%%

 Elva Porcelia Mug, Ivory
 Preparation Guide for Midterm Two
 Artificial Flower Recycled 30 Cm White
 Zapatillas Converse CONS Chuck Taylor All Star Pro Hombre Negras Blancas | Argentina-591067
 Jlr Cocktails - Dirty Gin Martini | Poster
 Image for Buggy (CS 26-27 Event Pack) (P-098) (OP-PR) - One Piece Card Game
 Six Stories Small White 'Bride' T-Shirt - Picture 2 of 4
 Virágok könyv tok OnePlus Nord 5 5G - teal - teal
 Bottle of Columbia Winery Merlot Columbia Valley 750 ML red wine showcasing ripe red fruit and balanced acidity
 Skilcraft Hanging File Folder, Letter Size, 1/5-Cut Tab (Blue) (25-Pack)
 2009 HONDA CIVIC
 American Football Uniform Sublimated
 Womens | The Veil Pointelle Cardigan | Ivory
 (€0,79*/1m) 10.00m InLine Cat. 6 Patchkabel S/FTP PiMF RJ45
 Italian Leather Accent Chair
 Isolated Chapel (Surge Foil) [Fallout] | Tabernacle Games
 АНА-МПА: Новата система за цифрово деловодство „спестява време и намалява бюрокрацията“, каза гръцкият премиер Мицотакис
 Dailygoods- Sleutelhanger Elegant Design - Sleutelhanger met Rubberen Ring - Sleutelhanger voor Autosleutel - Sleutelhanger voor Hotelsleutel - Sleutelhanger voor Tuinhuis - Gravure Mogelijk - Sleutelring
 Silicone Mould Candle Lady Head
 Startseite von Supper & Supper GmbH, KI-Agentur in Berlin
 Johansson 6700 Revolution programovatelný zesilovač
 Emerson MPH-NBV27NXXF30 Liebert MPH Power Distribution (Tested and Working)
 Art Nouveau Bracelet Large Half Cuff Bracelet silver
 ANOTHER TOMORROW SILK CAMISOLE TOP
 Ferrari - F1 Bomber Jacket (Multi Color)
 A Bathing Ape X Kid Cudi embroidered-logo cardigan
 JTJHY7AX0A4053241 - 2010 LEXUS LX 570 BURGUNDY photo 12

%%

▸ WHAT TO PRODUCE:
In the entries above, find the line holding "Womens | The Veil Pointelle Cardigan | Ivory" and the line holding "Startseite von Supper", then retype exactly those two lines and every line between them, and nothing else.

▸ RESULT OF THIS EXERCISE:
 Womens | The Veil Pointelle Cardigan | Ivory
 (€0,79*/1m) 10.00m InLine Cat. 6 Patchkabel S/FTP PiMF RJ45
 Italian Leather Accent Chair
 Isolated Chapel (Surge Foil) [Fallout] | Tabernacle Games
 АНА-МПА: Новата система за цифрово деловодство „спестява време и намалява бюрокрацията“, каза гръцкият премиер Мицотакис
 Dailygoods- Sleutelhanger Elegant Design - Sleutelhanger met Rubberen Ring - Sleutelhanger voor Autosleutel - Sleutelhanger voor Hotelsleutel - Sleutelhanger voor Tuinhuis - Gravure Mogelijk - Sleutelring
 Silicone Mould Candle Lady Head
 Startseite von Supper & Supper GmbH, KI-Agentur in Berlin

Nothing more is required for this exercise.